GH

トスティのIdealeと、L’ultima canzoneをメインにレッスンしました。
Idealeは、前回に比べて3連符と歌のメロディの整合性に苦労していましたが、今回はすっきり治っていました。

L’ultima canzone
伴奏のシンコペーションに対して、メロディが引きずられてしまっているようです。
伴奏に構わずに、きちっとIn tempoで歌えるようになりましょう。
手で拍を叩きながら歌って練習してください。
それが出来たら、拍を叩かないで正確に歌えるように練習します。
その上で伴奏と合わせて練習という手順になります。

最後にクルティスの「忘れなぐさ」を。
この曲は、バリトン用編曲になりますが、そのためには彼の声が低音域がやや低さが目立つ傾向があります。
それだけに、低音域の発声に気を付けてください。
やや荒っぽい感じの歌声になります。
滑らかに丁寧に、かつピッチの良い声質を目指して練習してください。

TNA

発声は、胸声を少し意識することでした。
頭声が勝った声質なので、声が白い声になりがちです。
胸に響かせる意識を少し持つことで、声に芯が付いて温かみのある響く声になります。

メンデルスゾーンの「歌の翼に」とトスティの「はるかに」
発声練習でも成功しましたが、少し胸に落とした響きを得ることで声量が増します。
これはバランスが大事です。落とし過ぎると声質がこもったり音程が♭気味になりますが、彼女の場合、本質的に頭声傾向が強いので、
概ね上手く行くのです。

ただ、声を押してしまうことは気を付けてください。
あとは、ドイツ語のアクセントの強調と、開母音AEの開きを十分にやってください。
上顎を良く意識することです。

トスティは、高音の弱声とアクセントの強調でしょう。
弱声は、フレーズの中の最高音ですから、当該音の前の段階で力んでいると上手く出せないです。
前段階から喉を脱力してディミニュエンド気味にして、最後に喉を脱力して後ろに引き入れるようにして出します。
イタリア語のアクセント位置は、朗読を勉強して良く確認して、歌でそのアクセントを強調できるようになってください。

MR

体験レッスン後の初レッスンとなりました。
発声練習で、彼女の発声の課題を探りました。
歌声は、いわゆる自然な歌声の傾向です。声量は比較的にはあるほうだと思います。

ただ、高音発声は出来るのですが、こちらが耳で聴いた以上に、喉に負担をかけた発声になるようです。
高音の換声のテクニックが出来ていないことが一番の課題と思いました。

彼女の場合も、喉が上がってしまうのですが、下げるという意識よりも上がらないようにするというイメージが良いと思います。
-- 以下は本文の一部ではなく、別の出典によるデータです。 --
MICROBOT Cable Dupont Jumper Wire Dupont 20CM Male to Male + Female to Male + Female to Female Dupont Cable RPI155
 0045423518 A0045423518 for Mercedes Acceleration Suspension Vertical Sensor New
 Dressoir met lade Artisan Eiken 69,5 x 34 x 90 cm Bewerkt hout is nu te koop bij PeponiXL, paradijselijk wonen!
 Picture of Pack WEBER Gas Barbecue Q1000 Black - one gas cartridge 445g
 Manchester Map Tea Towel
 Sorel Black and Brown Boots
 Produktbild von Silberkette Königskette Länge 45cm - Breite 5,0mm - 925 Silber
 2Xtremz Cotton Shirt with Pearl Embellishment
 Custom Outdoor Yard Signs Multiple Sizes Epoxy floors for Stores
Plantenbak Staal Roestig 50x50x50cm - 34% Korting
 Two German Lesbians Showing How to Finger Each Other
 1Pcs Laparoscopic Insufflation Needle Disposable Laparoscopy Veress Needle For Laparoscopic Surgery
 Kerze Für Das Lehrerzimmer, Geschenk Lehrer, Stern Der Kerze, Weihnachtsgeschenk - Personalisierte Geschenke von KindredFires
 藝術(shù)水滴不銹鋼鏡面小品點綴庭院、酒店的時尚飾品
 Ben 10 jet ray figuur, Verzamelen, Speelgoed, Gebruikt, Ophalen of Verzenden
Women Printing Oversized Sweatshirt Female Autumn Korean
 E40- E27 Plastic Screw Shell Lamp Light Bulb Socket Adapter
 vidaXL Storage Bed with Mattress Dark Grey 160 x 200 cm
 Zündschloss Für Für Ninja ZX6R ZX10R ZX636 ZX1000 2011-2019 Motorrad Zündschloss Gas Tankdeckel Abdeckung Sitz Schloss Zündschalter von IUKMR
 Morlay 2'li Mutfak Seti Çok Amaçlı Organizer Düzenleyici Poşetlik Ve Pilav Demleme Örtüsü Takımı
今日の結論から書くと、換声点である、5点F前くらいから、声を後頭部に回すように発声すると、喉が上がらずに支えのある頭声発声が出来るようでした。
この発声は、自然に顔を上げない姿勢になる点においても、喉を上げない、という理論に合致します。

実際の曲の場合は、今日はモーツアルトのドン・ジョヴァンニのツェルリーナの「ぶってよ!マゼット」を練習しました。
この曲では、換声点前後を移動するフレーズが多いわけですが、歌詞発音を絡めた場合、口先をあまり開かない発声にすることが、解決策になりました。
その代り、唇を使った発音に留意することが、喉を上げないことに寄与するでしょう。
口を横開きにし過ぎると、声帯が薄くなって、声質が浅薄になる点は、注意点ですが、
これもバランスで、丸くし過ぎると表現が怒ったような暗い表現になり過ぎるので、これも要注意です。

OS

プーランクの「動物小詩集」と同じく単品での「ハツカネズミ」を練習しました。
歌詞の意味を考えた歌唱は、これらの作品では重要です。

声は良いバリトンの声を持っていますので、この良い声を必要なところで発揮するためにも、
歌詞の意味を良く味わって、ニュアンスを明快に出すことが、これらの作品の存在価値を高めるでしょう。
逆に言えば、お客様から見れば、何が良いのか?が分からない演奏になると思うからです。

ただこのためには、ピアノ伴奏が重要な役割を果たします。
ピアノがその表現の準備建てをしないと、歌手の表現が活きてこないのです。

全体に幸福感や明るい表現のフレーズが、ややもすると悲しい歌声に聞こえるのは発声に依拠することでしょうか?
この点、どうしたら明るい、リラックスした歌声に聞こえるのか?という点は研究の余地が大いにありそうです。

ところどころ、鼻母音の発音が間違えていました。
Vingt ansのVingtは、Eの鼻母音です。
IncertitudeのInもEの鼻母音です。
この鼻母音のEとAとOの違いは良く勉強し、違いを意識できるようになってください。

最後に「矢車菊」を練習しました。
最後のImmemorialのAで伸ばす弱声は、裏声にならないぎりぎりの弱声を追求したほうが良いでしょう。